Data for this exercise:
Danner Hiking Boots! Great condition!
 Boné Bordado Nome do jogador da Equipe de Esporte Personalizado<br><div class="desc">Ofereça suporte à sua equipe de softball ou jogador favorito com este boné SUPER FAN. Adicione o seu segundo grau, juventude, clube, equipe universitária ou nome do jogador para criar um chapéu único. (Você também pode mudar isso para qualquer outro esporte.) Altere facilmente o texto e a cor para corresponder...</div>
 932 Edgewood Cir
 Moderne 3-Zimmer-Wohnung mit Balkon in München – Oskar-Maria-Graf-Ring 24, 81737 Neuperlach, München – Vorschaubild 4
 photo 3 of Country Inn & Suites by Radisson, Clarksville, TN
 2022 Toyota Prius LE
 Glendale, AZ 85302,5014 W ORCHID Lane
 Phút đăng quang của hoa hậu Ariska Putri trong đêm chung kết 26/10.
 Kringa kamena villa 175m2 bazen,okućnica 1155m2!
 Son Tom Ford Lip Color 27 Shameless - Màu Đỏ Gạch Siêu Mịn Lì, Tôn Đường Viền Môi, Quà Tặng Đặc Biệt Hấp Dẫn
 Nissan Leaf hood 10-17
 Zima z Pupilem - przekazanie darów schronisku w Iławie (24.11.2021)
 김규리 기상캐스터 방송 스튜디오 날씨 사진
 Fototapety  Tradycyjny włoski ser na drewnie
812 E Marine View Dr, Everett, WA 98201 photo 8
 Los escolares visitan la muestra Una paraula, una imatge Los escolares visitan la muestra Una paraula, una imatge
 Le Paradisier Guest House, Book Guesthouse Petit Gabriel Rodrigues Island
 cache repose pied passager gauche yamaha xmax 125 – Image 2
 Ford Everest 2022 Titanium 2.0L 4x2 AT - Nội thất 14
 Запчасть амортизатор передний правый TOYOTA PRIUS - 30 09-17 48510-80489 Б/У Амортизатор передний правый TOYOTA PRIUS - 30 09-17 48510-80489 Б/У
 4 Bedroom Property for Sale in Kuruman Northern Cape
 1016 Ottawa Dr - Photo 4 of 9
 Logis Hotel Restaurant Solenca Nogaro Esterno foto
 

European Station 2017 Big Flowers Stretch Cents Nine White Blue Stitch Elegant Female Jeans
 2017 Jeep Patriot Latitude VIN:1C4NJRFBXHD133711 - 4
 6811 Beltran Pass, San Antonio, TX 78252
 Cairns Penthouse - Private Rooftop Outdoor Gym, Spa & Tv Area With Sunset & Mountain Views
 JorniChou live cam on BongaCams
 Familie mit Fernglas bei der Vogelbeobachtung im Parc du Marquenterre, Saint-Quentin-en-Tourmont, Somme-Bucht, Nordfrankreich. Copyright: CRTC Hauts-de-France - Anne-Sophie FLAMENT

Problem statement: Return the data exactly. Include every record.

Result of this exercise:
Danner Hiking Boots! Great condition!
 Boné Bordado Nome do jogador da Equipe de Esporte Personalizado<br><div class="desc">Ofereça suporte à sua equipe de softball ou jogador favorito com este boné SUPER FAN. Adicione o seu segundo grau, juventude, clube, equipe universitária ou nome do jogador para criar um chapéu único. (Você também pode mudar isso para qualquer outro esporte.) Altere facilmente o texto e a cor para corresponder...</div>
 932 Edgewood Cir
 Moderne 3-Zimmer-Wohnung mit Balkon in München – Oskar-Maria-Graf-Ring 24, 81737 Neuperlach, München – Vorschaubild 4
 photo 3 of Country Inn & Suites by Radisson, Clarksville, TN
 2022 Toyota Prius LE
 Glendale, AZ 85302,5014 W ORCHID Lane
 Phút đăng quang của hoa hậu Ariska Putri trong đêm chung kết 26/10.
 Kringa kamena villa 175m2 bazen,okućnica 1155m2!
 Son Tom Ford Lip Color 27 Shameless - Màu Đỏ Gạch Siêu Mịn Lì, Tôn Đường Viền Môi, Quà Tặng Đặc Biệt Hấp Dẫn
 Nissan Leaf hood 10-17
 Zima z Pupilem - przekazanie darów schronisku w Iławie (24.11.2021)
 김규리 기상캐스터 방송 스튜디오 날씨 사진
 Fototapety  Tradycyjny włoski ser na drewnie
812 E Marine View Dr, Everett, WA 98201 photo 8
 Los escolares visitan la muestra Una paraula, una imatge Los escolares visitan la muestra Una paraula, una imatge
 Le Paradisier Guest House, Book Guesthouse Petit Gabriel Rodrigues Island
 cache repose pied passager gauche yamaha xmax 125 – Image 2
 Ford Everest 2022 Titanium 2.0L 4x2 AT - Nội thất 14
 Запчасть амортизатор передний правый TOYOTA PRIUS - 30 09-17 48510-80489 Б/У Амортизатор передний правый TOYOTA PRIUS - 30 09-17 48510-80489 Б/У
 4 Bedroom Property for Sale in Kuruman Northern Cape
 1016 Ottawa Dr - Photo 4 of 9
 Logis Hotel Restaurant Solenca Nogaro Esterno foto
 

European Station 2017 Big Flowers Stretch Cents Nine White Blue Stitch Elegant Female Jeans
 2017 Jeep Patriot Latitude VIN:1C4NJRFBXHD133711 - 4
 6811 Beltran Pass, San Antonio, TX 78252
 Cairns Penthouse - Private Rooftop Outdoor Gym, Spa & Tv Area With Sunset & Mountain Views
 JorniChou live cam on BongaCams
 Familie mit Fernglas bei der Vogelbeobachtung im Parc du Marquenterre, Saint-Quentin-en-Tourmont, Somme-Bucht, Nordfrankreich. Copyright: CRTC Hauts-de-France - Anne-Sophie FLAMENT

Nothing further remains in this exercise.